The exposure to antitrust litigation and expense
– even if you and the NMOS ultimately prevail
– is real. For example:
- In 1999 the U.S. Justice Department sued
the Federation of Certified Surgeons and Specialists,
Inc. and obtained a court order preventing it
from negotiating with any payor on behalf of
its physician members, and from facilitating
any agreement or understanding between competing
physicians about any competitively sensitive
information.
- In 1996 the Federal Trade Commission sued
the Montana Associated Physicians, Inc. and
obtained an order preventing it from negotiating
or refusing to deal with third-party payors;
determining the terms upon which physicians
deal with such payors; or raising, maintaining,
or adjusting the fees charged for any physician’s
services.
- AMA was reminded of the risks in 1990 when
chiropractic prevailed in protracted and very
expensive litigation. The court ruled that AMA
had led an unlawful boycott of chiropractors
and that AMA’s conduct could not be justified
by patient-care concerns. The court ordered
AMA to take specific steps so that physicians
could freely decide whether to have professional
relationships with chiropractors.
Guidelines:
New Mexico Ophthalmological Society members
compete with one another in providing quality
care to the public.[1] As competitors, there are
certain types of agreements that NMOS members
cannot lawfully make.
Members must not make any agreement to fix,
raise, or stabilize prices or fees (or any element
of prices or fees) or restrict services that a
member can offer. Example: Dr. Ford and Dr. Callahan,
who practice in the same community, run into one
another at a social hour sponsored by a pharmaceutical
company. After they discuss some recent developments
in refractive surgery, their conversation turns
to the rates that they charge LASIK patients.

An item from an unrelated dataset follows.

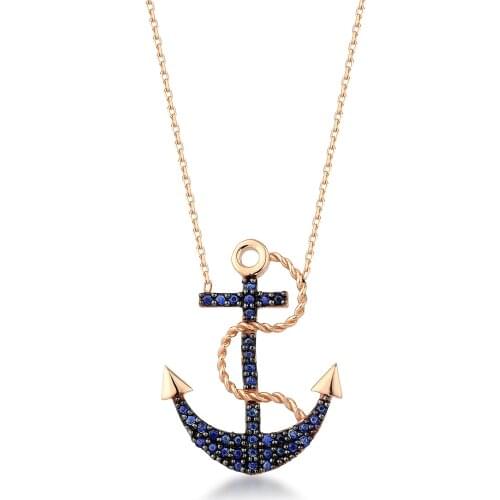 14k Gold Natural Safir Çapa Kolye PN1991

Dr. Ford says that he would like to raise his
rates for such patients, but he needs to know
what Dr. Callahan would do. Dr. Callahan says
that it is “a great idea whose time has
come.” Two weeks later, Dr. Ford raises
his rates. The following week, Dr. Callahan likewise
raises his rates.
§ Problem: From these facts a jury might
conclude that the two members made an agreement
to fix prices, which would be a clear violation
of the antitrust laws. Although a price-fixing
agreement is illegal whether or not it is effective,
here the fact that one doctor specifically “needed”
to know how the other would respond would probably
make it easier to demonstrate that an illegal
agreement had been made.
o Example: Dr. Freeport has decided to offer
free screening for seniors in nursing homes. At
the local Society meeting, several members sponsor
a resolution condemning the practice of free screenings
under penalty of expulsion or disciplinary action.
Problem: This resolution, if adopted, would
constitute an illegal agreement to restrict service.
Members must not make any agreement to allocate
or divide geographic or service markets, customers,
or patients.
o Example: Dr. Harris and Dr. Wesley see one another
at a lecture program at the medical school. Dr.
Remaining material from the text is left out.